AIM OF THE EXERCISE: From the first line of the entries below through the line holding "Dixie Twin Trundle", write out every line exactly, please, and leave out the pictures.

DATA FOR ANALYSIS:
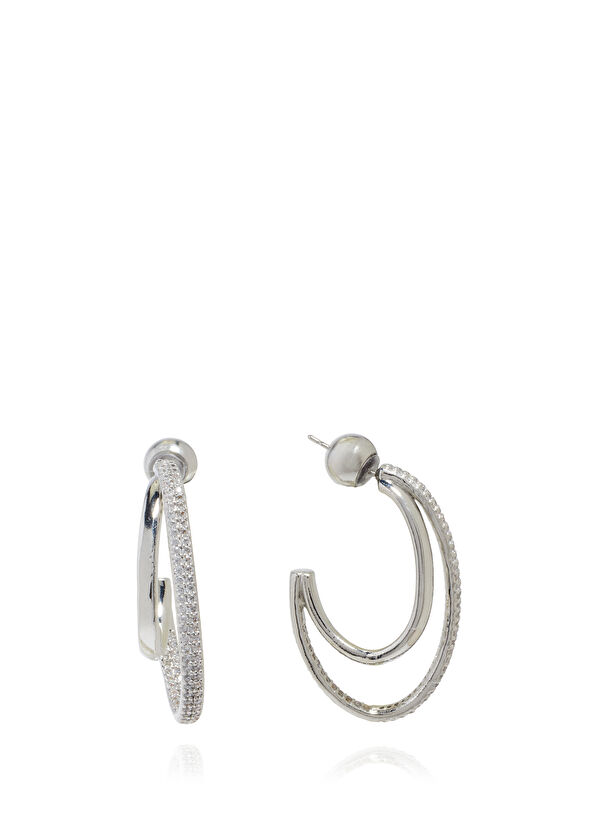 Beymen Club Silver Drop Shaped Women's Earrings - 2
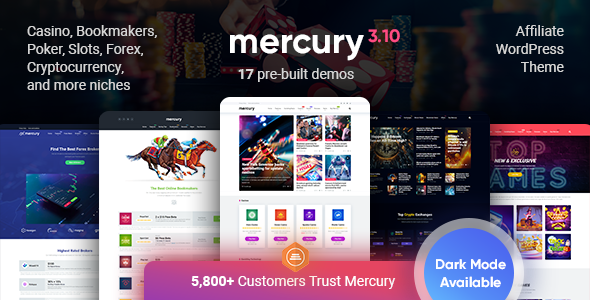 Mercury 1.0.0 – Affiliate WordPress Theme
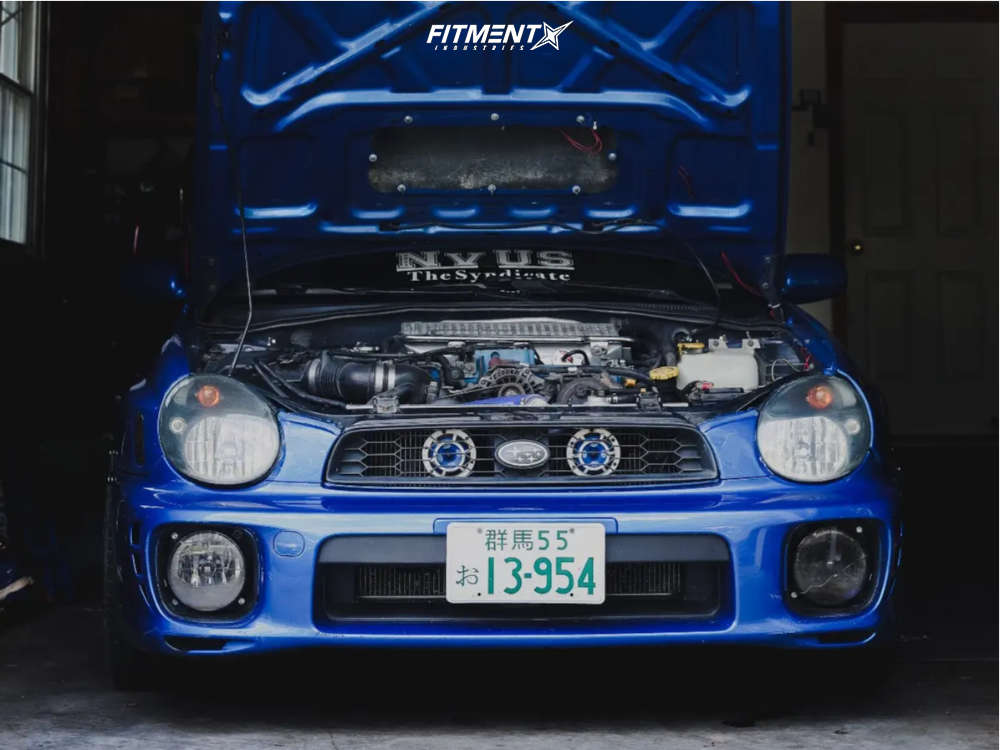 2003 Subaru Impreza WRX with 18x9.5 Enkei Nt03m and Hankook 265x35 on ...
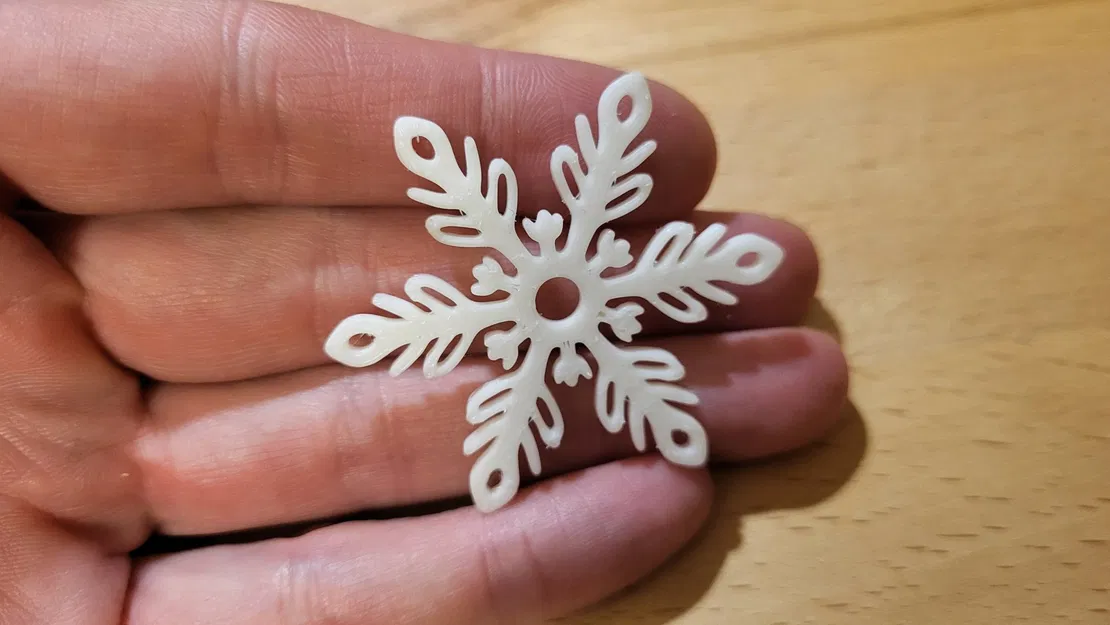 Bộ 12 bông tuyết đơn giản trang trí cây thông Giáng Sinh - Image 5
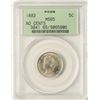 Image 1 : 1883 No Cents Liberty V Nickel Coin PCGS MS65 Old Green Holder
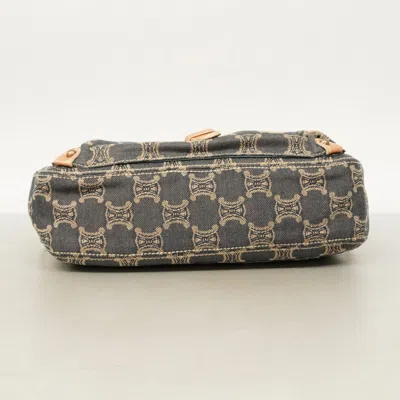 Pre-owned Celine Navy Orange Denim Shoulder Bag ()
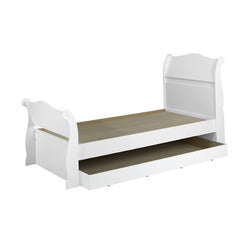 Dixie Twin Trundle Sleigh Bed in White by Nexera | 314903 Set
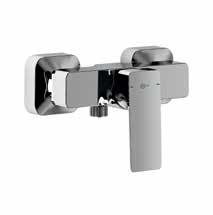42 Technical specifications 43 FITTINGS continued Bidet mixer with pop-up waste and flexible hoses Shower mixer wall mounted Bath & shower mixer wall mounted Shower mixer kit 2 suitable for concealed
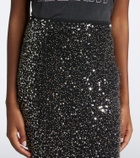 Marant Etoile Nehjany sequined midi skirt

ANSWER SECTION:
 Beymen Club Silver Drop Shaped Women's Earrings - 2
 Mercury 1.0.0 – Affiliate WordPress Theme
 2003 Subaru Impreza WRX with 18x9.5 Enkei Nt03m and Hankook 265x35 on ...
 Bộ 12 bông tuyết đơn giản trang trí cây thông Giáng Sinh - Image 5
 Image 1 : 1883 No Cents Liberty V Nickel Coin PCGS MS65 Old Green Holder
 Pre-owned Celine Navy Orange Denim Shoulder Bag ()
 Dixie Twin Trundle Sleigh Bed in White by Nexera | 314903 Set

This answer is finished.